Test on Philips NMS 8245 MSX2 (openMSX) with Sunrise IDE:

  • gunzip 1.0 (244129 bytes): 133s
  • gunzip 1.1 (244129 bytes): 87s
  • pmext 2.22 (247552 bytes): 619s
  • lhext 1.33 (252614 bytes): 278s
  • tunzip 0.91 (247414 bytes): 341s

Test on Panasonic FS-A1GT turboR (openMSX) with Sunrise IDE:

  • gunzip 1.0 (244129 bytes): 26s
  • gunzip 1.1 (244129 bytes): 18s
  • pmext 2.22 (247552 bytes): 127s
  • lhext 1.33 (252614 bytes): 49s
  • tunzip 0.91 (247414 bytes): 46s

Note, this is just a test with a single file, however it shows the general trend. I’m pretty happy to see this result, looks like I made the right choice in the approach I took to decoding the huffman tree.

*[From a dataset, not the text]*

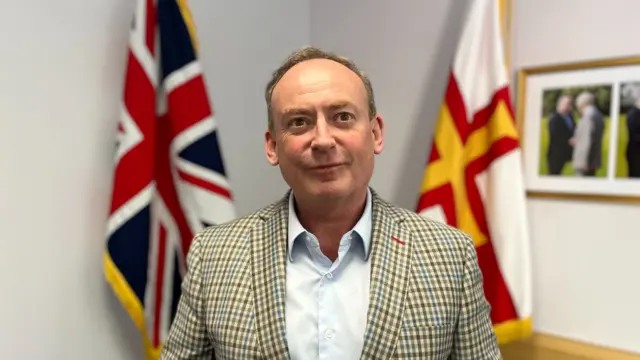 Lyndon Trott stood in a suit by flags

Skipping the checksum verification further improves speed by 25% (turboR 20s 13s, MSX2 100s 55s), however I’ll let the code settle for a while before I expose that as a command line option.

Finally, I’ve tested with a fairly large set of gzip files, but if you encounter any errors, please send me the gz file to test with and I will fix it.

[Edit: Added gunzip 1.1 performance results.]

Van Grauw

Enlighted (8190)

afbeelding van Grauw

18-10-2015, 04:00

For those interested in a little development background,

The core of the good performance of the decompression comes from code generation; I generate the Huffman decoding tree as a series of Branch objects which decode one bit each. They consist of a “fetch bit” call, and then jump to either another branch or a symbol handler. PC implementations often use lookup tables for optimisation, but because bit shifting by arbitrary amounts is expensive on the Z80 CPU, and we also have a limited amount of registers (I use all of them in the Huffman decoding loop), I think this is probably the best approach.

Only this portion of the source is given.